# Squeaks!



## Bella (Aug 15, 2010)

Yes, finally!  I checked on my girls when I woke up this morning and heard little squeaks from the Himalayan's tub.  I did a quick peek through the top of her igloo and see little pink squirmies! I am giving her plenty of time before I take a real look and find out numbers, though. I will have pictures when I do check though!

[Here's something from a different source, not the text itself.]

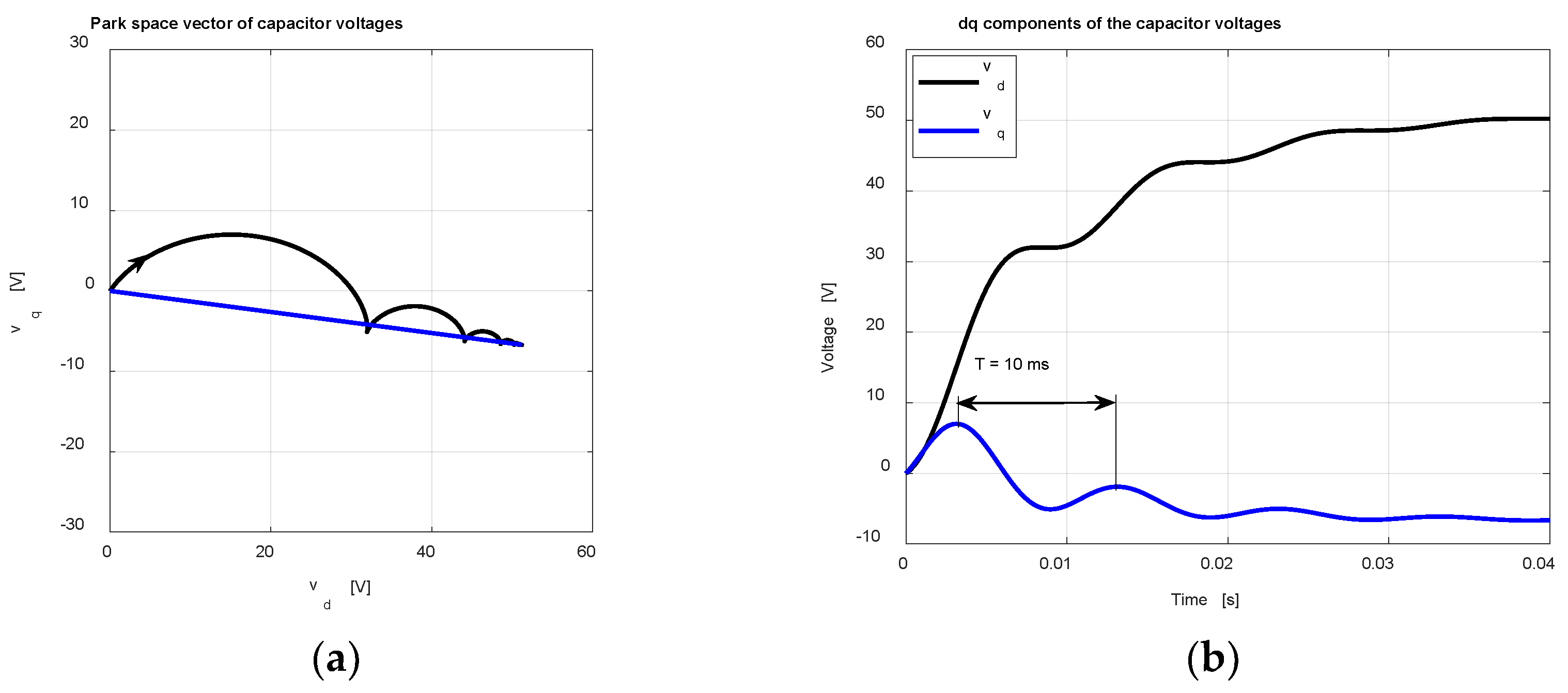 Energies 15 09122 g019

Yay!!! I thought I'd never have babies! 

ETA: bethmccallister - you were exactly right on your estimate of four days. How in the heck did you do that?!


----------



## geordiesmice (Oct 26, 2010)

They breed like Mice lol


----------



## GypsyTails (Jul 14, 2010)

Yay, baby time! Congrats! Hope to see baby pics in time!


----------



## kerryann (Oct 4, 2010)

congrats bella


----------



## Bella (Aug 15, 2010)

I stole a peek! No touching yet though, so can't say how many there are.


----------



## kerryann (Oct 4, 2010)

yey pinkies!!!!


----------



## countrygall721 (Oct 26, 2010)

Aww pinkies! :lol:


----------



## Bella (Aug 15, 2010)

Aren't they so cute? XD I'm so excited to see what they come out looking like.


----------